Nowadays, electromagnetic tracking is considered to be a promising surgical navigation technology, though its applicability is highly limited due to the susceptibility to proximate metallic objects and electrical equipment. These outer impacts may cause distortion of the magnetic field, resulting in inaccurate measurements.
The main objective of my thesis was to investigate thoroughly the nature of measurement errors that characterize electromagnetic tracking systems (especially in the case of an NDI Aurora system). Based on the experiences, I developed a relatively flexible, cost–effective, fast and computationally efficient calibration protocol for assessment of magnetic field distortion.
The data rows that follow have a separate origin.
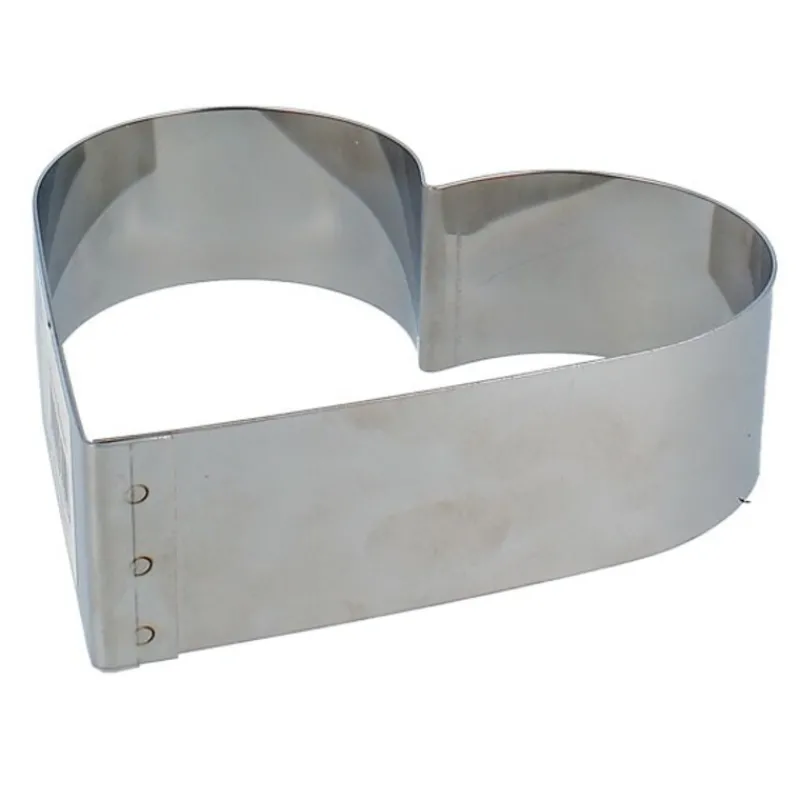 Cerf Dellier Cercle à pâtisserie cœur inox 16 cm H 4,5 cm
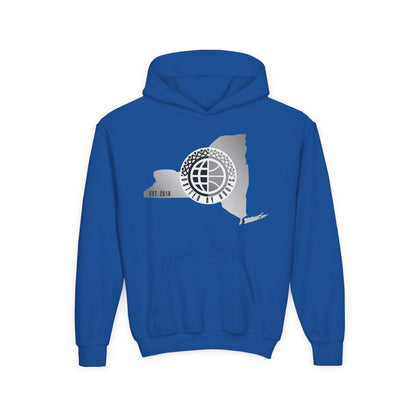 NYC United By Hoops Vintage Grey Youth Unisex Hoodie Printify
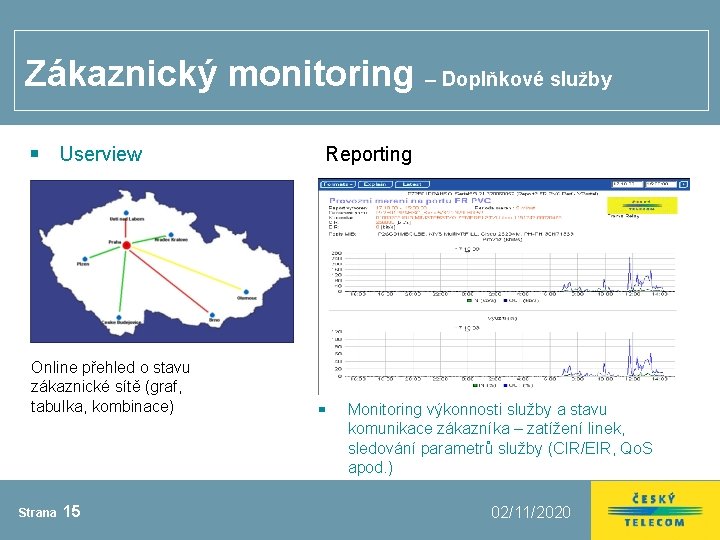 Zákaznický monitoring – Doplňkové služby Userview Online přehled o stavu zákaznické sítě (graf, tabulka,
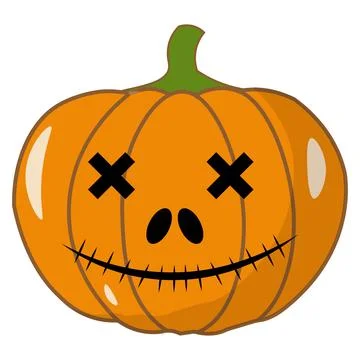Halloween Jack-o-lantern pumpkin illustration vectors isolated on white bac.. Stock Illustration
After studying some available solutions to error correction being presented in the literature, I designed a special, cubic–shaped calibration phantom, made of acrylic glass, which enables the user to accomplish fast and systematic data acquisition within a certain range of the entire working volume. Complying with the numeric constraints defined by the calibration tool, appropriate spatial transformations are determined between corresponding points of sampled data and that of the reference frame. Applying these transformations to the data set, error correction vectors are computed that imply differences in position as well as in orientation at each grid point. Subsequently, we can generate the Delaunay tetrahedralization of the grid, which can be used as a good basis for posterior interpolation. As an alternative, we can also perform linear regression or nonlinear curve fitting on the calibration data, which results in an analytical model of the stationary distortion field. The extracted model provides a basis for online error compensation, for subsequent use of the system.
Having a major advantage over other concepts, the whole setup procedure can be executed in 10–15 minutes, and requires no particular a priori knowledge about the instrumentation. The graphical user interface of the application offers a practical way to configure the system. The implemented software is capable of displaying tracking data and animating it in 3D, while informing the user about the reliability of sensor transformations actually being reported.
Finally, outcomes of validation tests are presented, and the conclusion is drawn that tracking accuracy can be improved by a factor of 1.5 in position and 1.2 in orientation.